Area officials said they have contributed mightily to help the hospitals succeed.
Dimensions Chief Executive G.T. Dunlop Ecker contends that the state system has fallen behind. An institution is reimbursed for direct expenses but not for physicians' fees. Dimensions spends nearly $12 million a year to keep crucial hospital units staffed with doctors 24 hours a day. Without that drain, it could almost break even.
In 2005, a special county-state committee concluded that Prince George's Hospital Center and the other county facilities had "suffered from a long period of poor management" under Dimensions, losing cash through inefficient hospital staffing, a bloated and ineffective leadership team and expensive consultants whose recommendations for improvement were rarely followed. The panel urged the county to sever its tie and set up a new source of government revenue to support hospital operations.
There has been no action on either front. And twice since March, Dimensions has claimed it was weeks away from running out of money.

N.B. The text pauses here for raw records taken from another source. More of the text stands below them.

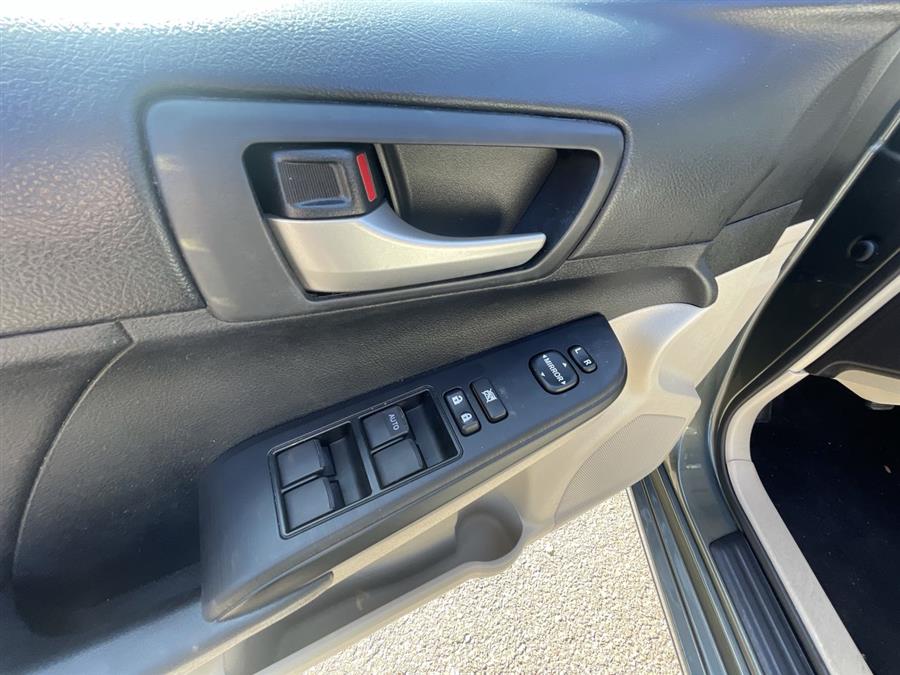 2012 Toyota Camry 4dr Sdn I4 Auto LE (Natl), available for sale in Stratford, Connecticut | Wiz Leasing Inc. Stratford, Connecticut 2012 Toyota Camry 4dr Sdn I4 Auto LE (Natl), available for sale in Stratford, Connecticut | Wiz Leasing Inc. Stratford, Connecticut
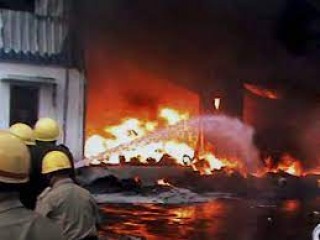 आंध्र प्रदेश की एक रसायन फैक्टरी में लगी आग, छह लोगों की मौत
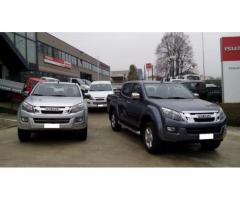 ISUZU D-Max 2.5 Crew Cab Quasar A/T 4WD - Immagine 5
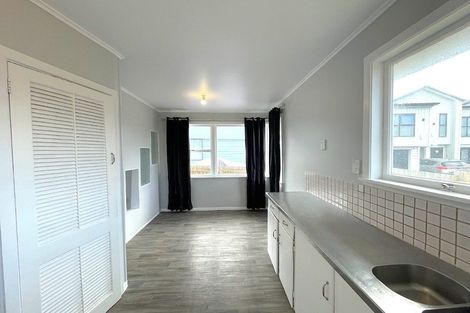 Photo of property in 12 Jenkins Place, Manurewa East, Auckland, 2102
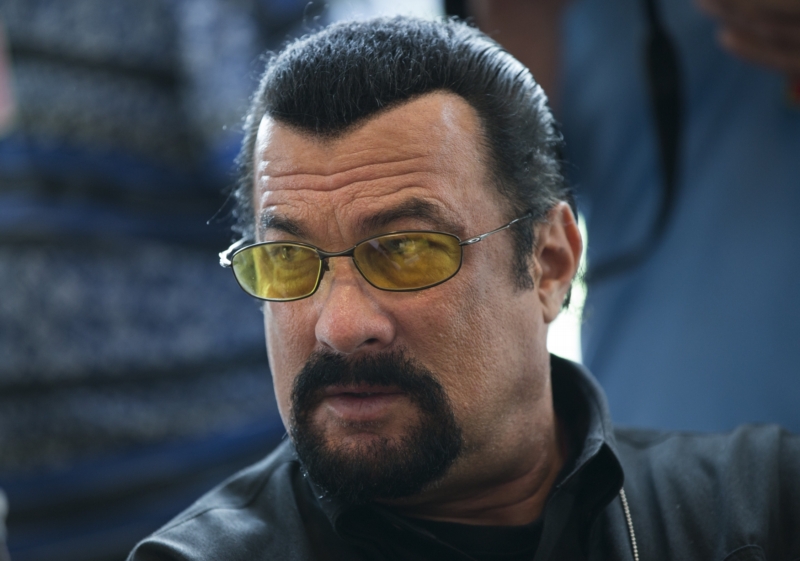 Steven Seagal v Čečensku. Steven Seagal v Čečensku.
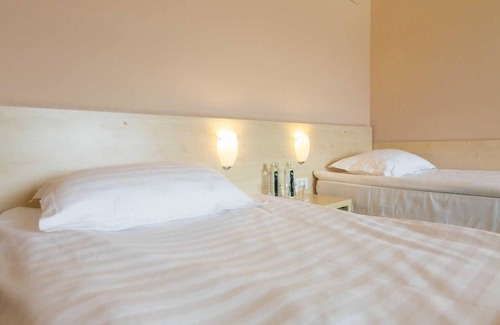 Sinpetru Hotel | Stop Hotel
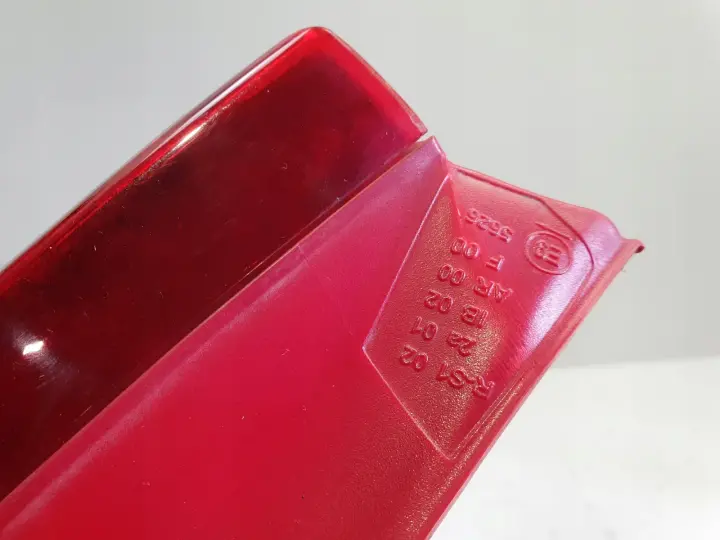 Opel Corsa D 3 drzwi TYLNA LAMPA PRAWA prawy tył pasażera 13211841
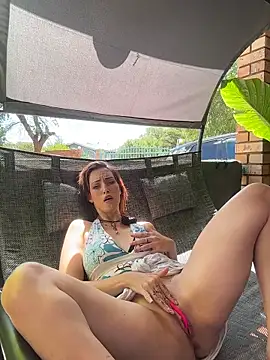 Astoria Moon online show from January 6, 2026, 12:31 pm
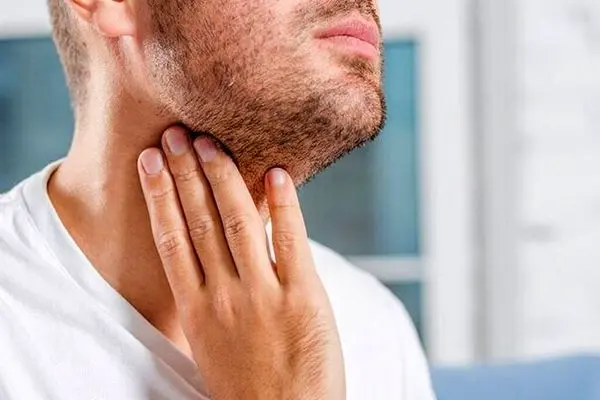 علائم گلودرد تیغی چیست؟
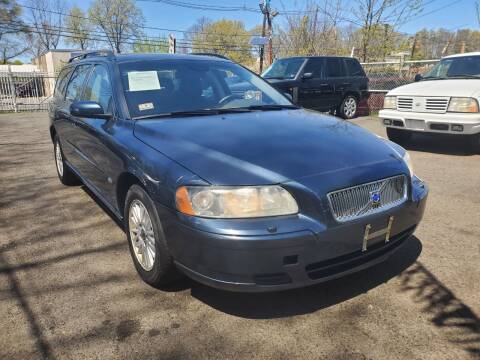2005 Volvo V70 for sale at New Plainfield Auto Sales in Plainfield NJ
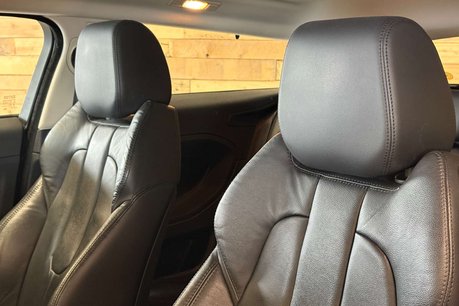 Land Rover Range Rover Evoque 2.2 SD4 Pure Tech Coupe 3dr Diesel Auto 4WD Euro 5 (s/s) (190 ps) 34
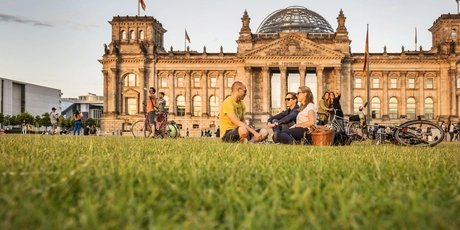 Picnic en el Reichstag de Berlín a la luz del sol del atardecer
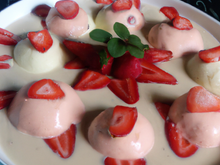 Quenelles de chocolat blanc tropical sur soupe de fraises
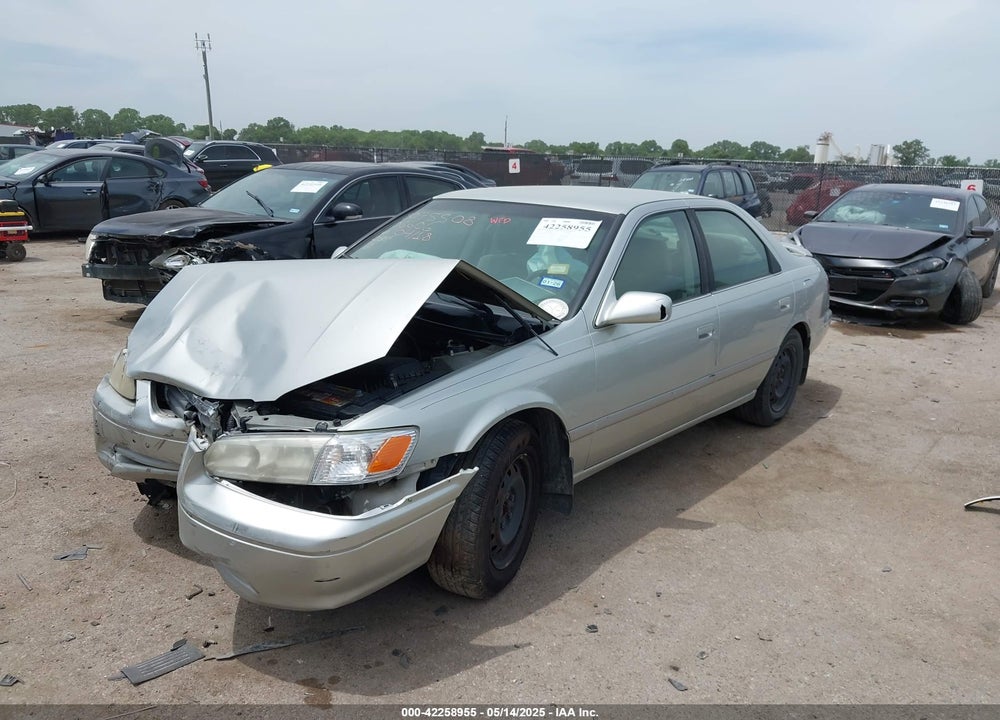 2000 TOYOTA CAMRY LE VIN: JT2BG22K0Y0406606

Depending on the outcome of the court hearing this week -- Ecker and the board are trying to force another rescue with county dollars, on top of $50 million since 2003 -- the board could vote for bankruptcy or total shutdown. County Executive Jack B. Johnson (D), who has a long history of political fighting over the hospital, blames mismanagement for the system's latest losses.

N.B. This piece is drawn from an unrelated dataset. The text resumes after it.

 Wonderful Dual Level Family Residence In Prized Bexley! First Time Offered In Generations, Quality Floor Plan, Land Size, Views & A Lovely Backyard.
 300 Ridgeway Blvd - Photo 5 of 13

For each hospital, the future remains uncertain. Both have been up for sale but attracted few suitors. Fifty percent of their patient base continues to be uninsured or dependent on Medicaid or another publicly subsidized program for health coverage.
"It's a hard sell because of community perceptions, physician perceptions," explained Bruce Siegel, a health-care policy expert and professor at George Washington University's school of public health. He sees a change in ownership as vital for both, as well as tough management decisions and an infusion of money. Even then, nothing is guaranteed.
Rebuilding a hospital can take years, Siegel said. Most of the time, "the strong get stronger, the weak get weaker."